Covered with ash from a day spent saving lives and nearly losing his own, EMT Moose Diaz, an American of Cuban/Palestinian/Haitian descent, arrived at home, sat on the floor with his wife, and cried.

Before he boarded doomed American Airlines Flight 11, Pendyala Vamsikrishna left a voice mail for his wife, Prasanna Kalahasti, a dental student, to tell her he'd be home for lunch. A month later, she died by suicide, leaving a note that indicated she had to end her "deep pain."

Jerry Henson, a former combat aviator, knowing he'd have died if David Tarantino hadn't crawled through smoke and fire to extricate him, could not stop asking himself, "How do you thank someone for saving your life?"

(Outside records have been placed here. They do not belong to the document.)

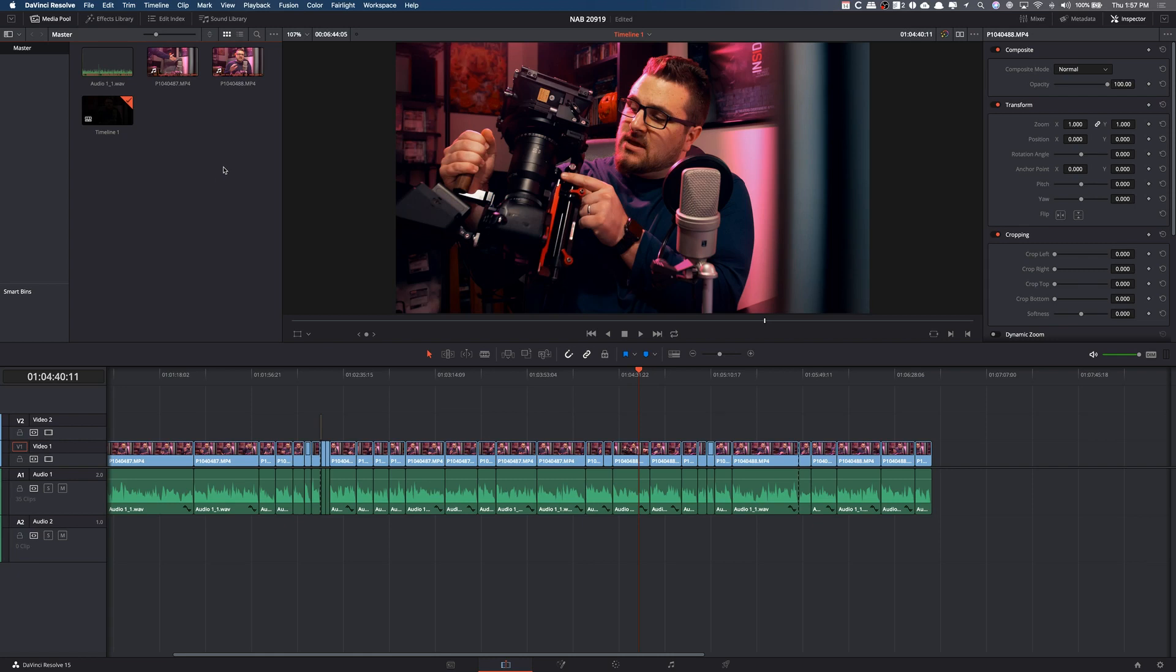Hey, what's up, guys? My name is Cameron Gallagher, and today I'm going to be talking about rendering, exporting, or saving your videos in DaVinci Resolve 15.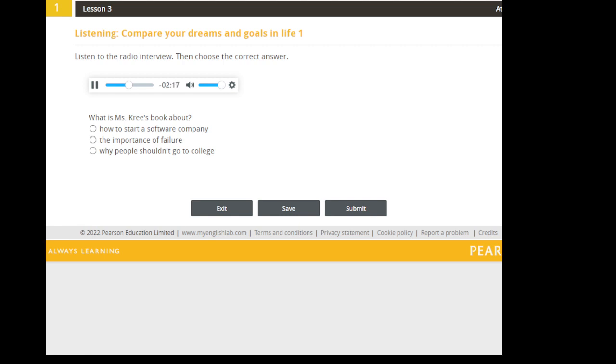You know Steve Jobs, the founder of Apple? He dropped out of college. Bill Gates and Paul Allen, who started Microsoft? They dropped out of college. The founders of Twitter and Facebook? Also college dropouts. Again, those are remarkable people. For most of us, becoming the next Steve Jobs or Mark Zuckerberg isn't exactly an achievable goal.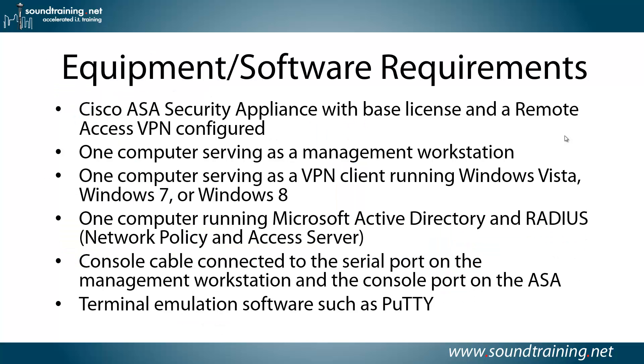More specific equipment software requirements. A Cisco ASA security appliance with a base license and a remote access VPN already configured. We're simply going to add the RADIUS authentication to the existing remote access VPN. You'll need a computer serving as a management workstation and a computer serving as a VPN client. The one I'm using runs Windows 8 and the AnyConnect client that we're using supported on Windows Vista 7 or 8, although Cisco has other clients for other operating systems.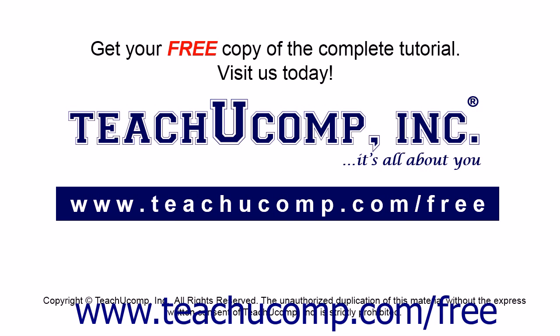Get your free copy of the complete tutorial at www.teachucomp.com/free.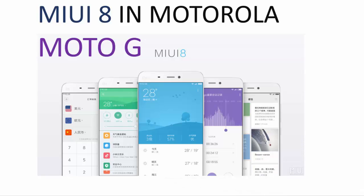Hello friends, today I will show you how to install MIUI 8 in your Motorola Moto G XT1033.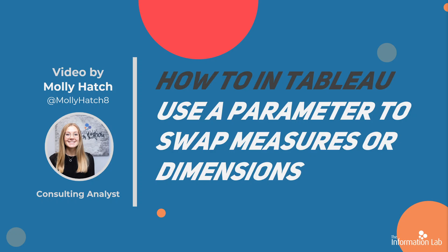Hi there, my name's Molly and I'm a member of the Data School's 18th cohort at the Information Lab. In this video I'm going to show you how to use parameters to swap measures or dimensions used in a chart.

"You've got to remember," Wally Miller, a funeral home director and county coroner in Shanksville, told his neighbors, "that everybody that dies, that's somebody's favorite guy, whether it's a prisoner or the richest guy in town or somebody else."

Embedded in Zuckoff's narrative of the saved and lost is an analysis of our nation's vulnerability on 9/11. Federal intelligence-gathering agencies, we learn, did not share information about terrorists with the FAA. On Sept. 11, the FAA's "no fly list" contained 12 names. And air traffic controllers had no direct line of communication to the military.

Design and structural innovations at the twin towers made the buildings more susceptible to fire — and they were equipped with only three stairwells per tower, each of them encased in flammable lightweight gypsum wallboard. Most important, firefighters (bearing 80 pounds of equipment and walking up 1,500 or more steps) would probably be unable to reach people trapped on upper floors in time, and certainly not with sufficient water in their hoses to extinguish the blaze.

At a commemorative ceremony held on Sept. 11, 2002, Secretary of Defense Donald Rumsfeld acknowledged that "the road ahead is long," but declared that the terrorists "have already been defeated." They wanted to kill innocence, he declared; instead 9/11 "was a day when heroes were born." As "Fall and Rise" demonstrates, he was right about the heroes. But, alas, terrorism remains our terrifying new normal.

Glenn C. Altschuler is the Thomas and Dorothy Litwin Professor of American Studies at Cornell University.

Fall and Rise: The Story of 9/11
By: Mitchell Zuckoff.
Publisher: Harper, 589 pages, $29.99.